[Brief descriptive captions]

>>>>

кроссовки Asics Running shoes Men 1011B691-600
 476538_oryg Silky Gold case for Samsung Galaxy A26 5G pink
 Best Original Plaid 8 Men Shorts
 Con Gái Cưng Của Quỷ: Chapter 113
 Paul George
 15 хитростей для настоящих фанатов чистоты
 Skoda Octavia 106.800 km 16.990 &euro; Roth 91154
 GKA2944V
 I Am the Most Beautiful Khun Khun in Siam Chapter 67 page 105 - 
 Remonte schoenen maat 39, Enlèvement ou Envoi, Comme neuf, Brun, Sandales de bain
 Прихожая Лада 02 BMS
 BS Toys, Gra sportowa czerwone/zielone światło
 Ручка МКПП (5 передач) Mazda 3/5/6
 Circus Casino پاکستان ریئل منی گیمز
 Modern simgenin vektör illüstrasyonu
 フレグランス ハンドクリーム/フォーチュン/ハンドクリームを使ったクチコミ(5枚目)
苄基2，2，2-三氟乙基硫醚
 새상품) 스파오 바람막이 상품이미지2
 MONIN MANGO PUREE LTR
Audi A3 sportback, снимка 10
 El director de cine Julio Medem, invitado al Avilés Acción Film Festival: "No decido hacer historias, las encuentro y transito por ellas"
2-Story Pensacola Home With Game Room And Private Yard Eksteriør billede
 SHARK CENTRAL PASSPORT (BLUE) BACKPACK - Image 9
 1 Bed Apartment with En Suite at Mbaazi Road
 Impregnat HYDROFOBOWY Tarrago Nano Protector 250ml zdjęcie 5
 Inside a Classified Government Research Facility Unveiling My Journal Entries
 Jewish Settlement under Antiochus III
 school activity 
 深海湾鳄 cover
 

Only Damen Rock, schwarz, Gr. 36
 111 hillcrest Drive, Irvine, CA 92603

<<<<

- Task item
The expected output is the run of lines from the one holding "Remonte schoenen maat" to the last line of the entries above, each reproduced character for character.

- Solution for this problem
 Remonte schoenen maat 39, Enlèvement ou Envoi, Comme neuf, Brun, Sandales de bain
 Прихожая Лада 02 BMS
 BS Toys, Gra sportowa czerwone/zielone światło
 Ручка МКПП (5 передач) Mazda 3/5/6
 Circus Casino پاکستان ریئل منی گیمز
 Modern simgenin vektör illüstrasyonu
 フレグランス ハンドクリーム/フォーチュン/ハンドクリームを使ったクチコミ(5枚目)
苄基2，2，2-三氟乙基硫醚
 새상품) 스파오 바람막이 상품이미지2
 MONIN MANGO PUREE LTR
Audi A3 sportback, снимка 10
 El director de cine Julio Medem, invitado al Avilés Acción Film Festival: "No decido hacer historias, las encuentro y transito por ellas"
2-Story Pensacola Home With Game Room And Private Yard Eksteriør billede
 SHARK CENTRAL PASSPORT (BLUE) BACKPACK - Image 9
 1 Bed Apartment with En Suite at Mbaazi Road
 Impregnat HYDROFOBOWY Tarrago Nano Protector 250ml zdjęcie 5
 Inside a Classified Government Research Facility Unveiling My Journal Entries
 Jewish Settlement under Antiochus III
 school activity 
 深海湾鳄 cover
 

Only Damen Rock, schwarz, Gr. 36
 111 hillcrest Drive, Irvine, CA 92603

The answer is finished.